No quisiera parecer un moralista pesimista. A pesar de la mediocridad del personal político de nuestras democracias, estas son mejores que cualquier despotismo y cometen menos errores. En tiempos de crisis, como estamos viendo en Ucrania, se encuentran espontáneamente del lado del bien y no del lado del crimen. Pero, ¿no se trata de una felicidad temporal? ¿No deberíamos preocuparnos por el antimodelo que representa el Gobierno húngaro, que se enorgullece de su antiliberalismo? Lo mismo puede decirse del Gobierno polaco. El posible regreso de Donald Trump pone la piel de gallina, por lo imprevisible que resulta el personaje. ¿Podrán nuestras democracias mal gestionadas hacer frente a las ambiciones de Putin o de China? Por supuesto, lo esperamos, pero no podemos estar seguros. Hasta ahora, los Pedros Sánchez de España y de otros lugares no se han enfrentado a ninguna crisis importante. Es verdad que la inmigración incontrolada es un problema. Y desde luego, no nos gustaría que volviera la Covid. Y también es cierto que hay corrupción, aunque no se hable mucho de ella. Pero hasta ahora, nuestros Pedros Sánchez no han tenido que plantar cara a ninguna crisis de verdad, ya sea una crisis económica comparable a la de la década de 1930, o la amenaza de una guerra civil, o una amenaza internacional de primera magnitud, o la irrupción de un islamismo armado procedente de África con apoyo ruso, o cualquier cosa que pueda considerarse una crisis grave. Así que mi temor no es el ‘pedrosanchismo’ por sí mismo, sino una repentina e imprevisible confrontación del ‘pedrosanchismo’ con un reto mayor ante el cual, por su falta de cultura y convicción, sea incapaz de dar la talla.

¿Cómo elevar el nivel de cualificación de la clase política?
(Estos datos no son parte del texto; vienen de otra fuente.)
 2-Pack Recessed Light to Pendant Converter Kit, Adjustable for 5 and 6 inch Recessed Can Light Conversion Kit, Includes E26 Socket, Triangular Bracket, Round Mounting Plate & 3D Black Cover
El filósofo Friedrich Hayek, que reflexionaba sobre esta cuestión hace unos cincuenta años, planteaba que nadie pudiera ser elector antes de los 40 años y que nadie pudiera presentarse a unas elecciones sin haber demostrado sus capacidades intelectuales o profesionales. Hayek sabía que esto era una utopía, pero al menos nos hacía centrarnos en la cuestión del reclutamiento de las élites. Como no existe ninguna solución a priori para garantizar la calidad de este reclutamiento, debemos mirar hacia el pasado y constatar que las élites nunca surgen antes de las crisis, sino gracias a ellas y mientras tienen lugar. Churchill, De Gaulle y Franklin Roosevelt son buenos ejemplos de ello en el siglo pasado. Fueron las crisis las que los dieron a conocer porque, antes de las crisis, los mediocres estaban enfrascados en el ‘pedrosanchismo’. Así que no tengo una solución. Nadie la tiene. Lo único que espero es que Pedro Sánchez, al que no conozco y que desde luego no es peor hombre que nadie, sepa que no es más que la representación del ‘pedrosanchismo’. Pedro Sánchez es un hombre de nuestro tiempo. Hemos visto cosas mejores, pero también peores.